[Records for the task]
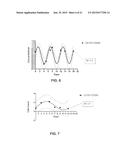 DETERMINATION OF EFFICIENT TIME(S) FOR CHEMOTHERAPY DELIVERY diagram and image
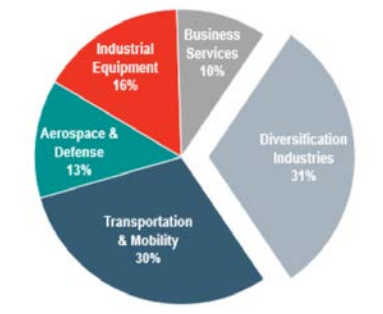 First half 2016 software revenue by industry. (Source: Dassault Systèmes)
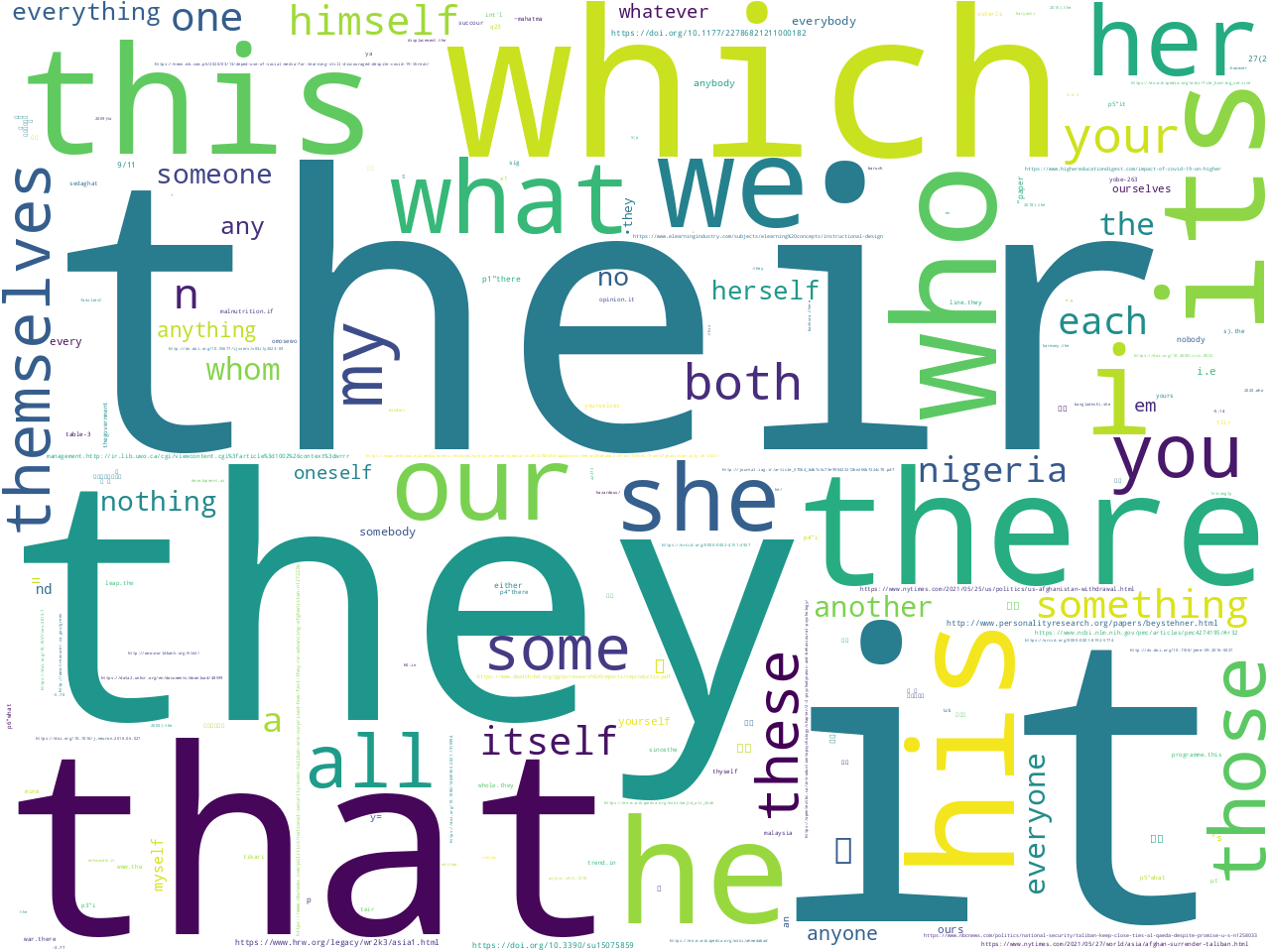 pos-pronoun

...

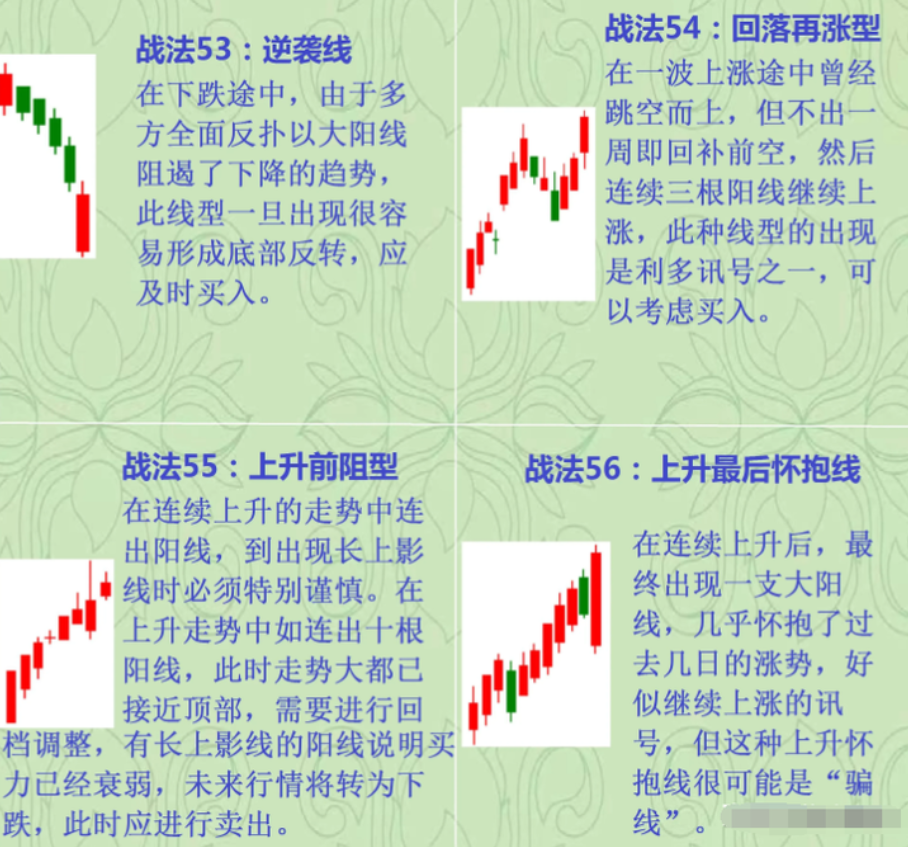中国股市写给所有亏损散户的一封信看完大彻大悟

...

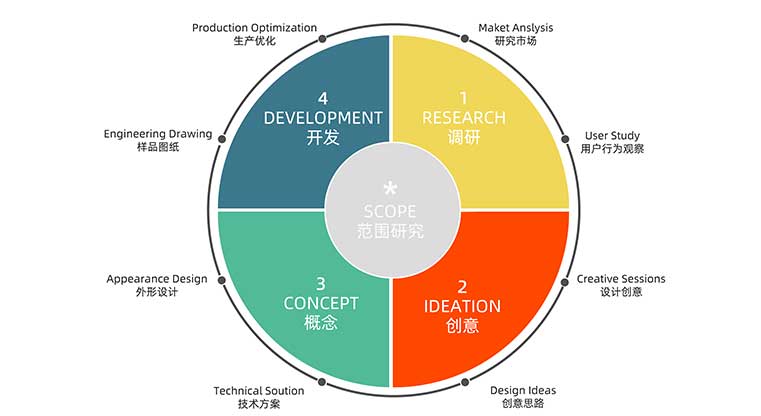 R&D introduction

[Problem details] Here the job is to copy the listing above word for word, starting at the line with "DETERMINATION OF EFFICIENT" and ending at the line with "pos-pronoun", and to leave out the pictures.

[Problem solution]
 DETERMINATION OF EFFICIENT TIME(S) FOR CHEMOTHERAPY DELIVERY diagram and image
 First half 2016 software revenue by industry. (Source: Dassault Systèmes)
 pos-pronoun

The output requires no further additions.